====== AVAILABLE DATA ======

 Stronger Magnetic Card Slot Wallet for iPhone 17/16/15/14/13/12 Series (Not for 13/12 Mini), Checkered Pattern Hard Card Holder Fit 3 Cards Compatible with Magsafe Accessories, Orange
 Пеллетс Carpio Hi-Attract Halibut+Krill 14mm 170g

======
====== AVAILABLE DATA ======

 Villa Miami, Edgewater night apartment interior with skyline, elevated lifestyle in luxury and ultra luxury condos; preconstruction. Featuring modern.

======
====== AVAILABLE DATA ======

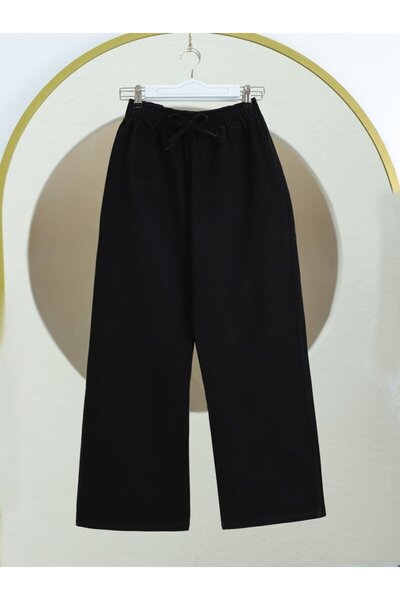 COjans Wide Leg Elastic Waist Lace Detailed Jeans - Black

======

■ **PROBLEM DETAILS**:
Restate word for word the entries above, starting at the line with "Stronger Magnetic Card" and ending at the line with "Пеллетс Carpio Hi-Attract", inclusive, and no others.

■ **WRITTEN SOLUTION**:
 Stronger Magnetic Card Slot Wallet for iPhone 17/16/15/14/13/12 Series (Not for 13/12 Mini), Checkered Pattern Hard Card Holder Fit 3 Cards Compatible with Magsafe Accessories, Orange
 Пеллетс Carpio Hi-Attract Halibut+Krill 14mm 170g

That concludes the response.